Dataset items
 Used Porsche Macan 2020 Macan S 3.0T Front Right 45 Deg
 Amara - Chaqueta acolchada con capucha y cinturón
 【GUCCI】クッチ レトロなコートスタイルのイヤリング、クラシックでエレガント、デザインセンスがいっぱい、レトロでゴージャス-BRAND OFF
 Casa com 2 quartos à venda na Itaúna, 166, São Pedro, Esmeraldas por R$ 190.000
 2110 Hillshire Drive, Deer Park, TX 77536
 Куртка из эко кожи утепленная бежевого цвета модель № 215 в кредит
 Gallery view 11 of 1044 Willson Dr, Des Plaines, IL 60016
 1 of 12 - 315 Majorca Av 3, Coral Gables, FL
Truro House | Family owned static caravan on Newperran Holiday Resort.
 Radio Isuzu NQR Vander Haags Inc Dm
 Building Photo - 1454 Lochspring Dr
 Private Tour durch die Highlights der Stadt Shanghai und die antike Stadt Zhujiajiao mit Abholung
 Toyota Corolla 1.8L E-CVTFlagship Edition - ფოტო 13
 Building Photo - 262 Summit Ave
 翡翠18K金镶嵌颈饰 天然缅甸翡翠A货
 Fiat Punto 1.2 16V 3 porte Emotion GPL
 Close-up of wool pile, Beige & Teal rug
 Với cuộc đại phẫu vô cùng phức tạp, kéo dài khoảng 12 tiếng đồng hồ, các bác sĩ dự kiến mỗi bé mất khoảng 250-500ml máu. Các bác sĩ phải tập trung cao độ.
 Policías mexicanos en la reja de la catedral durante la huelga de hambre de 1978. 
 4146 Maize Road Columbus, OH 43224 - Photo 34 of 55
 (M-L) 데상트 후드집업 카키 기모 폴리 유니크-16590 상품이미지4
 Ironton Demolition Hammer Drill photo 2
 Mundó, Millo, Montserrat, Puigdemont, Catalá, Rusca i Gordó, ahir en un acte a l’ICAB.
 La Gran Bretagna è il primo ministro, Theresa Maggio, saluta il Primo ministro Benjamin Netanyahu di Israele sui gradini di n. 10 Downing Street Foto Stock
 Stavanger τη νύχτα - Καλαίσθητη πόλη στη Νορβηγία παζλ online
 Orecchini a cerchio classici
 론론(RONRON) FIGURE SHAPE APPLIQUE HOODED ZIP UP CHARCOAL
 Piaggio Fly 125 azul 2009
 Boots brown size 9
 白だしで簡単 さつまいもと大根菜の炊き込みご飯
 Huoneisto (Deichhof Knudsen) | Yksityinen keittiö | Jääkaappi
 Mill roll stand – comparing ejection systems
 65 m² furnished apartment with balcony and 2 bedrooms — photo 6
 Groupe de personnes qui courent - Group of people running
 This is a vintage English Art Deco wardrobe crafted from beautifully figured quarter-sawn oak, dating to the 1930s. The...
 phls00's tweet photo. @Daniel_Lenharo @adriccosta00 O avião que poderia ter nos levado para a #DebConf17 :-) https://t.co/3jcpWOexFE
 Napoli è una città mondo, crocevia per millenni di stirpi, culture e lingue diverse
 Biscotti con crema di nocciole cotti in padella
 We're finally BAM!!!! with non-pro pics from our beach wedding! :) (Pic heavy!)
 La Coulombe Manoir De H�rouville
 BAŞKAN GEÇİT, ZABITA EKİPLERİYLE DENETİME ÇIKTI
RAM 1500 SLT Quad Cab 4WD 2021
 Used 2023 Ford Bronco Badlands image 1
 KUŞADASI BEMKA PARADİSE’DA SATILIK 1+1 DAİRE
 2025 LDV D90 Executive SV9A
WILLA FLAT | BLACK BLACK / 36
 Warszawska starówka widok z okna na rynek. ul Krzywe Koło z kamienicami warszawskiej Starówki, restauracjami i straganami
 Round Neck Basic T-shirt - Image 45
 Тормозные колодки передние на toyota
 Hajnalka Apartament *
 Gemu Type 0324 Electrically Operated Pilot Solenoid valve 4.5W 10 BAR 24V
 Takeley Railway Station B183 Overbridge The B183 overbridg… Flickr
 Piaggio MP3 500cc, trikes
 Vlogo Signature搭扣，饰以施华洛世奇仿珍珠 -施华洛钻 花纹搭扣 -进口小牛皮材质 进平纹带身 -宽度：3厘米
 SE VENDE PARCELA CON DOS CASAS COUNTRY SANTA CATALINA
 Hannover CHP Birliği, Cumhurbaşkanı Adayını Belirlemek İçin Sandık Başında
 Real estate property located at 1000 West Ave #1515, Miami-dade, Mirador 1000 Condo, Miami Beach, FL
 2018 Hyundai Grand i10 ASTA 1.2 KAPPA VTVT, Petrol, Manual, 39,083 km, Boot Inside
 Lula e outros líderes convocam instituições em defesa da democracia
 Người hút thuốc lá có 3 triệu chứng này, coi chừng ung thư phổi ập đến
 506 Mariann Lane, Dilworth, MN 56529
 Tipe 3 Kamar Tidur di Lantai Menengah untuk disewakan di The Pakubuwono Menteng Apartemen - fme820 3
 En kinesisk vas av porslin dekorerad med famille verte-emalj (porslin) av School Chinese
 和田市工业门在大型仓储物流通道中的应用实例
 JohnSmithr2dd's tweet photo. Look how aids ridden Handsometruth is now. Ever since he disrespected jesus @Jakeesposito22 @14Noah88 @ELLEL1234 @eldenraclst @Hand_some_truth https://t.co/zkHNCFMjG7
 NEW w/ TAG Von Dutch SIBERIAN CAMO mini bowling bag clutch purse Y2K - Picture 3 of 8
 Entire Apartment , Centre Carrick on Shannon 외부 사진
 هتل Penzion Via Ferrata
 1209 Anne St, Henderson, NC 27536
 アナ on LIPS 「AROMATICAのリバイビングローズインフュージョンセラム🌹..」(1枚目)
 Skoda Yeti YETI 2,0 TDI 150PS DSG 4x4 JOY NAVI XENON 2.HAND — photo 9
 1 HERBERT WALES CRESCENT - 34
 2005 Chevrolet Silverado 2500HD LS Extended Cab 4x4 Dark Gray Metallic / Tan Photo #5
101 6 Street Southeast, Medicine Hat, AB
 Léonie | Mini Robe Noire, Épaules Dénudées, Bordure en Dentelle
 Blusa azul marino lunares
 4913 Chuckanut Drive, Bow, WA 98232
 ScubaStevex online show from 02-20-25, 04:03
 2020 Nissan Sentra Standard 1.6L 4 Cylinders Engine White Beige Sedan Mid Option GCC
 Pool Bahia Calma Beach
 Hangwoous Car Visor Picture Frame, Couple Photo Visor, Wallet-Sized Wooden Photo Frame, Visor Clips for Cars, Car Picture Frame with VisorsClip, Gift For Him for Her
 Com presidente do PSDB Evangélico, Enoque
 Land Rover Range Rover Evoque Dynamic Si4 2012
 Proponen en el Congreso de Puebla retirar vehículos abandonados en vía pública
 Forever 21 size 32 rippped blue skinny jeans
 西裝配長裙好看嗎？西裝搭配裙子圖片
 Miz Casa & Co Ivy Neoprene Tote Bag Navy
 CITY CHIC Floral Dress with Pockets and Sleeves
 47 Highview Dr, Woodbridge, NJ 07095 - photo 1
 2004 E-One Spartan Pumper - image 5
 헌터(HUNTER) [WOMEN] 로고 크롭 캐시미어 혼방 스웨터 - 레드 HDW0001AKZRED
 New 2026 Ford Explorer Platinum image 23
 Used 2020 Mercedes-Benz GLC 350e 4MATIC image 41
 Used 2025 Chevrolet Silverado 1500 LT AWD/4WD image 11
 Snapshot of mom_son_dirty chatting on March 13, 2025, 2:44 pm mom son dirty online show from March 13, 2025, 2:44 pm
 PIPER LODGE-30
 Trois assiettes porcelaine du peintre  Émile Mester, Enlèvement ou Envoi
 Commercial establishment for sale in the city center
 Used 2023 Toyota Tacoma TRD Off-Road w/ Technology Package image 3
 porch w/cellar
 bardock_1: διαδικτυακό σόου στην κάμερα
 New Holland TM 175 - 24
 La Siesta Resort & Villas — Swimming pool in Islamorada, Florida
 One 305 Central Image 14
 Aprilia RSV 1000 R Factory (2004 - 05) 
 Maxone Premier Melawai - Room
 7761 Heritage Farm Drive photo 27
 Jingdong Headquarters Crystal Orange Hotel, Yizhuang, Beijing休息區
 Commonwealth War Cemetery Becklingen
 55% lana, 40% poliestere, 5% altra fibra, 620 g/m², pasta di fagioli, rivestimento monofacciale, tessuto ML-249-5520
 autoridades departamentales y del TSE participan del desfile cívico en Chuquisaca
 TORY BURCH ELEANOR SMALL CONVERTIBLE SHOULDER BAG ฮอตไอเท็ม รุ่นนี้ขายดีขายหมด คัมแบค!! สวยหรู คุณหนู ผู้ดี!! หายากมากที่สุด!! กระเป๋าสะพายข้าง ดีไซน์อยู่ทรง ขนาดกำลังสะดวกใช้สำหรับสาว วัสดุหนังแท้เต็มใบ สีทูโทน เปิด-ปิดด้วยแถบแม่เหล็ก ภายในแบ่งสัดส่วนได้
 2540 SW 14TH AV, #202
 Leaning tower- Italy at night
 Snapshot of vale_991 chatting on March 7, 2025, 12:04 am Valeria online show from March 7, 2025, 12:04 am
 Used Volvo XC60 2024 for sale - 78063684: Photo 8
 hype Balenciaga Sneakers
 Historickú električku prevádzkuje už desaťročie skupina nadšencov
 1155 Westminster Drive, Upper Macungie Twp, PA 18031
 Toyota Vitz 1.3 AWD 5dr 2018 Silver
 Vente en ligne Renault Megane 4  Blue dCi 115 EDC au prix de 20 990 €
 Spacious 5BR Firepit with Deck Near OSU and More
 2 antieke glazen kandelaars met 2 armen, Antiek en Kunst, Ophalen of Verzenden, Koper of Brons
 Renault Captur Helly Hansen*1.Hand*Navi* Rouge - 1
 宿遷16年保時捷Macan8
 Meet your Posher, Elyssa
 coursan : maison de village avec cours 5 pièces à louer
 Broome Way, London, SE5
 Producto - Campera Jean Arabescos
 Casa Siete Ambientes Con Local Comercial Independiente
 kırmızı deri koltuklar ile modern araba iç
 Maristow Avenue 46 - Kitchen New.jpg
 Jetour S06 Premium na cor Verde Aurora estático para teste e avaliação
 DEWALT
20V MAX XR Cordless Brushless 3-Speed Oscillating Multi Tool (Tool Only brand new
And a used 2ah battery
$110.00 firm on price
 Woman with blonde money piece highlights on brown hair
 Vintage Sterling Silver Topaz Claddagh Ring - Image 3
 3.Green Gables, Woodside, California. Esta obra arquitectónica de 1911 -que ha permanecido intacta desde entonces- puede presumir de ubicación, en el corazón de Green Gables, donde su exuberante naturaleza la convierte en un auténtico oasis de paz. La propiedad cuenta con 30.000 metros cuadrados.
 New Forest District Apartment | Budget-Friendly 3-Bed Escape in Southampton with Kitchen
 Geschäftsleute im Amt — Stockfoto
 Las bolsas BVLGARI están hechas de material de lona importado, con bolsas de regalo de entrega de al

Work item
Although the records may continue, retype only the lines from the first one through the one containing "Radio Isuzu NQR Vander Haags Inc Dm", exactly as they appear.

Problem solution
 Used Porsche Macan 2020 Macan S 3.0T Front Right 45 Deg
 Amara - Chaqueta acolchada con capucha y cinturón
 【GUCCI】クッチ レトロなコートスタイルのイヤリング、クラシックでエレガント、デザインセンスがいっぱい、レトロでゴージャス-BRAND OFF
 Casa com 2 quartos à venda na Itaúna, 166, São Pedro, Esmeraldas por R$ 190.000
 2110 Hillshire Drive, Deer Park, TX 77536
 Куртка из эко кожи утепленная бежевого цвета модель № 215 в кредит
 Gallery view 11 of 1044 Willson Dr, Des Plaines, IL 60016
 1 of 12 - 315 Majorca Av 3, Coral Gables, FL
Truro House | Family owned static caravan on Newperran Holiday Resort.
 Radio Isuzu NQR Vander Haags Inc Dm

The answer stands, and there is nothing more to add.